━━ Data listing

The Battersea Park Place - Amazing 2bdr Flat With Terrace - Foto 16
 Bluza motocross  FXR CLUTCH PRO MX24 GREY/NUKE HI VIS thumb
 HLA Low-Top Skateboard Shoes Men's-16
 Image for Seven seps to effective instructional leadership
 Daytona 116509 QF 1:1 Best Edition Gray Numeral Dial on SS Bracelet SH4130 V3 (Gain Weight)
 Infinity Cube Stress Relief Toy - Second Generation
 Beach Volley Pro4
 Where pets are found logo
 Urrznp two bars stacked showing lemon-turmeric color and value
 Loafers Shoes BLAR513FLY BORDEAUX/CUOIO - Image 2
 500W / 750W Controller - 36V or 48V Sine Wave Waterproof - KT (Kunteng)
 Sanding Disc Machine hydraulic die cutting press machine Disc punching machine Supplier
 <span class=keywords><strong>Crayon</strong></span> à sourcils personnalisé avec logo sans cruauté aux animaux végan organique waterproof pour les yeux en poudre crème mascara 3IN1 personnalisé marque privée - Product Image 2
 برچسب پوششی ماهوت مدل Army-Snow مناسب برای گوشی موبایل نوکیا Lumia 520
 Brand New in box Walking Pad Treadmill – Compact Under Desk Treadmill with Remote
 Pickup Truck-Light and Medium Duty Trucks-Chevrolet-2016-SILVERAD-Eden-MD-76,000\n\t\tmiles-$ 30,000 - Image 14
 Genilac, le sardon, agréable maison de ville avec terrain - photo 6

━━━━

* _Task statement_:
Track down all lines above with the string "avec" and copy them.

* _Answer to this task_:
 <span class=keywords><strong>Crayon</strong></span> à sourcils personnalisé avec logo sans cruauté aux animaux végan organique waterproof pour les yeux en poudre crème mascara 3IN1 personnalisé marque privée - Product Image 2
 Genilac, le sardon, agréable maison de ville avec terrain - photo 6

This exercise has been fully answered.